PROVIDED RECORDS >>
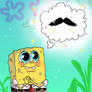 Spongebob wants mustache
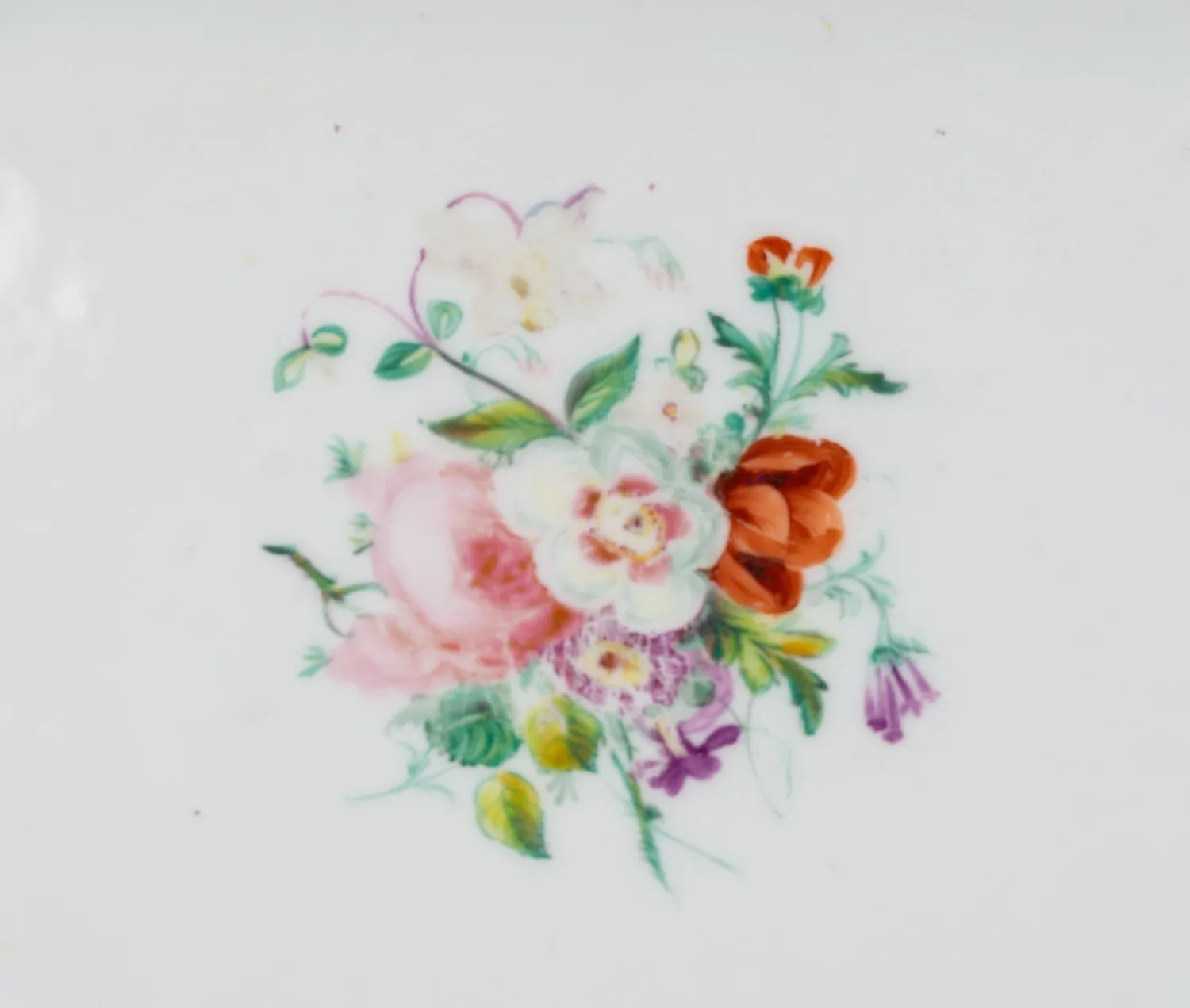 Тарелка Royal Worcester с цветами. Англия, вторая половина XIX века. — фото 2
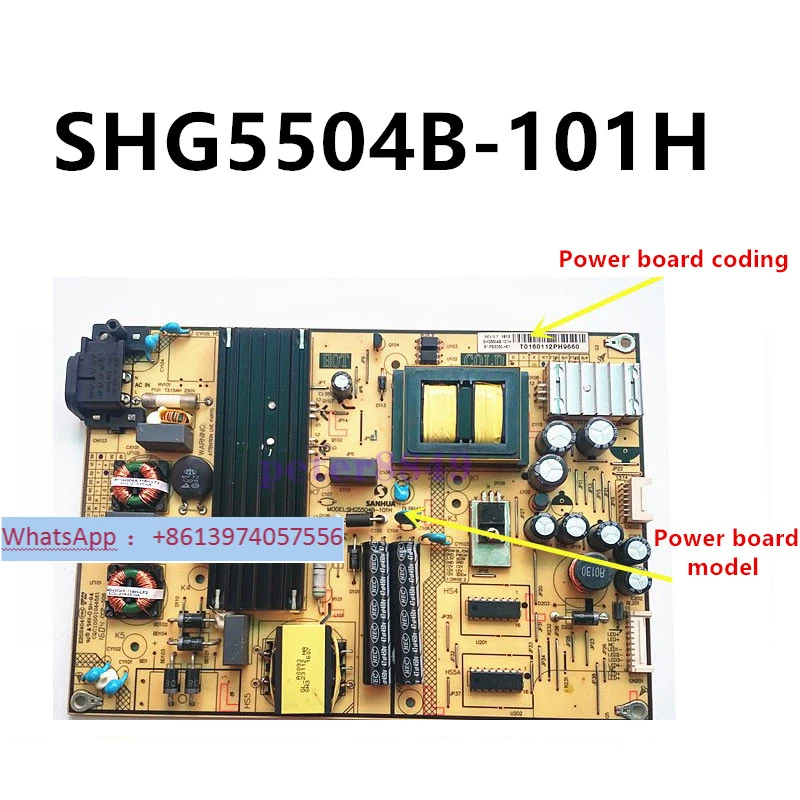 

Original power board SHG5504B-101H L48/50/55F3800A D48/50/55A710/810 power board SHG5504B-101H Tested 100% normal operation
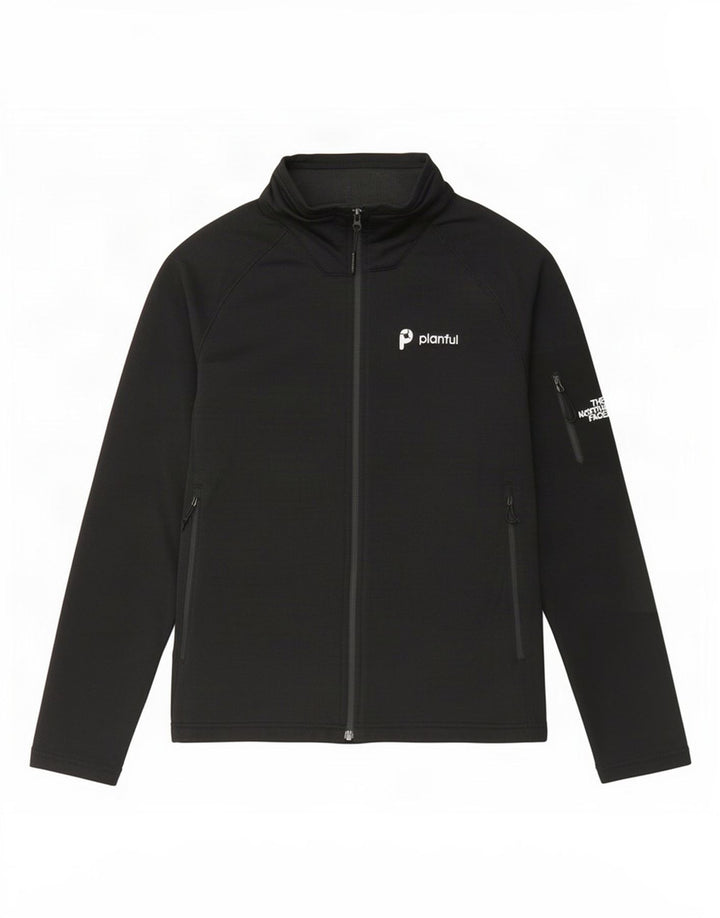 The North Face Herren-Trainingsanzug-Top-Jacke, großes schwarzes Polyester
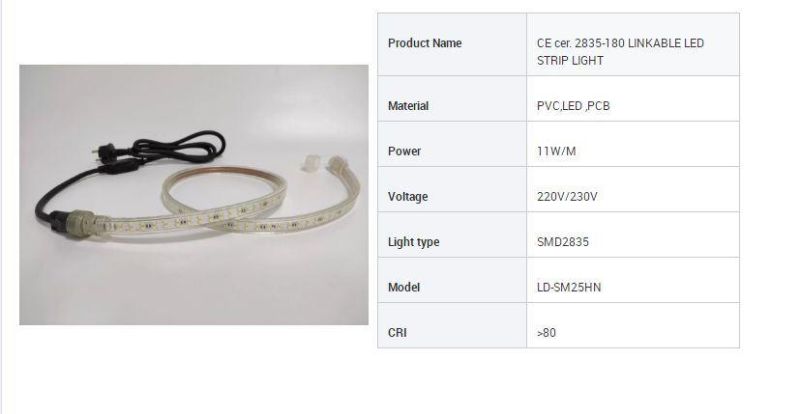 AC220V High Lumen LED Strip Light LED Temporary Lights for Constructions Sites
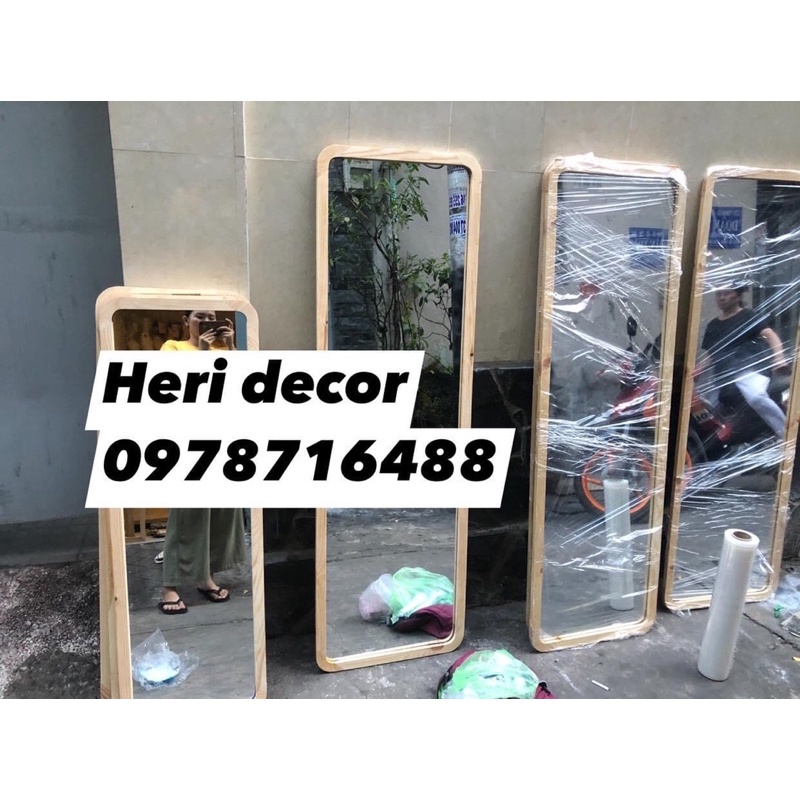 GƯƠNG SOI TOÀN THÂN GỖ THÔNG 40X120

PROBLEM >>
Only the text of the records above, copied exactly, should be returned; the pictures stay out.

ANSWER BELOW >>
 Spongebob wants mustache
 Тарелка Royal Worcester с цветами. Англия, вторая половина XIX века. — фото 2

Original power board SHG5504B-101H L48/50/55F3800A D48/50/55A710/810 power board SHG5504B-101H Tested 100% normal operation
 The North Face Herren-Trainingsanzug-Top-Jacke, großes schwarzes Polyester
 AC220V High Lumen LED Strip Light LED Temporary Lights for Constructions Sites
 GƯƠNG SOI TOÀN THÂN GỖ THÔNG 40X120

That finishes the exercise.